But her eyes flashed with frustration and anger. Then she remembered that her cousin would see it and use it against her. So again, resurrected her wall and retreated, albeit not moving away at all.

"Doubt that." Amanda laughed. Greg continued to smile but said nothing more. "I imagine single women all over town, will fall at your feet if you proposed." Amanda smiled, "You might want to try that?"

He chuckled. "Thank you Amanda. Unfortunately, I know from first hand experience, that some women are more, to be blunt, utterly mercenary. Greg shrugged. "At heart I am just a labourer." He grinned but his eyes returned to Mallory, and said, "Social standing, or your position on the job market is important to some." He shrugged, and returned his glance to Amanda. "I learnt, that some women have agendas, what you own, how much you earn and what you wear, means a hell of a lot more to them."

"Well, as I'm sure Mallory, Harriet and Tina will agree, those women are ignorant!" Amanda replied with utter conviction. "I suggest you ignore any woman that stupid!"

Greg looked straight at Mallory, for all of a second, "I intend to."

Mallory acknowledged his intended message with a cool brief nod, but she did not drop eye contact. He found that oddly unsettling. The young girl he remembered was nothing like this cold fish. He'd slighted her twice in the space of minutes and she hadn't even flinched.

She looked calm and sophisticated, her clothes adding to the illusion of poise and glamour. She'd always been a beautiful girl, but she'd grown into a woman of elegance and grace. Her classic bone structure highlighted through careful makeup, her dress code spoke about class and elegance.
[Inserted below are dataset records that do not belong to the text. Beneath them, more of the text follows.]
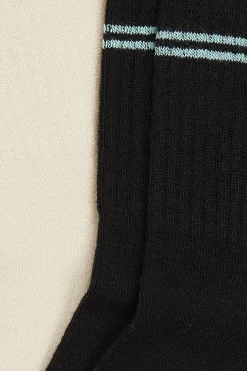 Socks 2-Pack Logo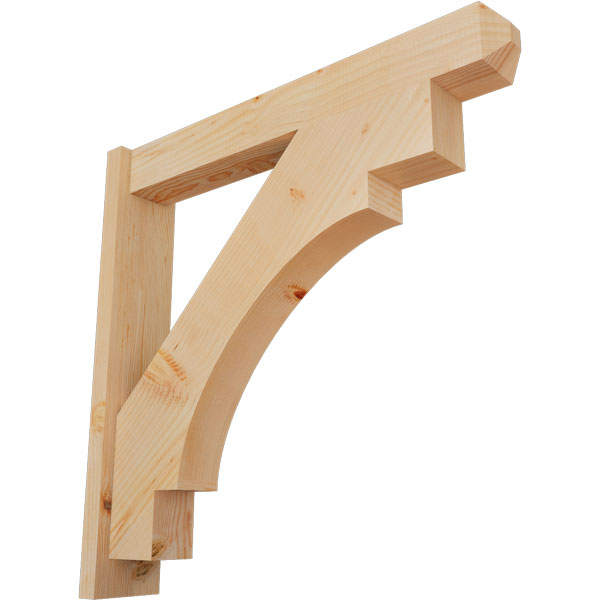 Ekena Millwork OUT06X32X32MRC04SDF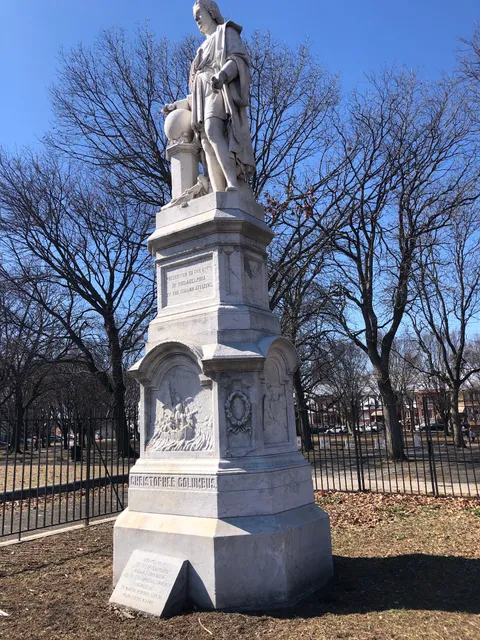 Statue of Christopher Columbus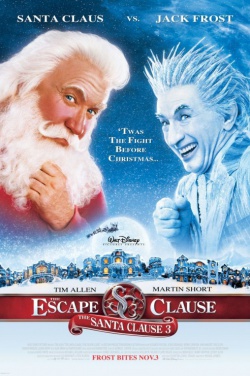 Miniatura plakatu filmu Śnięty Mikołaj 3: Uciekający Mikołaj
With her dancer's willowy physique, he imagined she could wear most things and make them look good. So with the additional benefit of a well-cut, obviously expensive dress, that made the most of her assets, she outshone the women in the hall.

"Oh good, the band's going to start up again." Tina announced, hoping to prod Greg into asking her to dance.

"Amanda, would you care to dance?" Greg asked Amanda. He'd already taken her elbow before she could agree. Time to put Mallory well and truly out of his mind. Amanda was a beautiful woman, who he was sure he'd find interesting.

Mallory laced her fingers behind her back, so that he wouldn't see the nervous shake of her hands. She was running out of will power. Holding onto this façade of calm, cool, sophistication, took its toll.

"Yes, that would be lovely." Amanda beamed at him and as he escorted them onto the dance floor, she turned her head to look over her shoulder to look at her friends in open delight. Her face said it all. She was ecstatic. She mouthed a silent 'wow' at her friends then turned back to look where she was being led.

Mallory licked surreptitiously at her dry lips but didn't say anything as Amanda and the man Mallory loved walked toward the dance floor. Now she understood what people meant when they said your heart shattered into hundreds of shards of glass. Now she knew how it felt to have those bits of glass pierce what remained of your soul. How could she feel like this, as her heart shattered again. Her eighteen-old self surfaced, confidence at an ebb, pain racing and scorching every single cell. While she adopted the pose of a marble statue, inside, she was hollow.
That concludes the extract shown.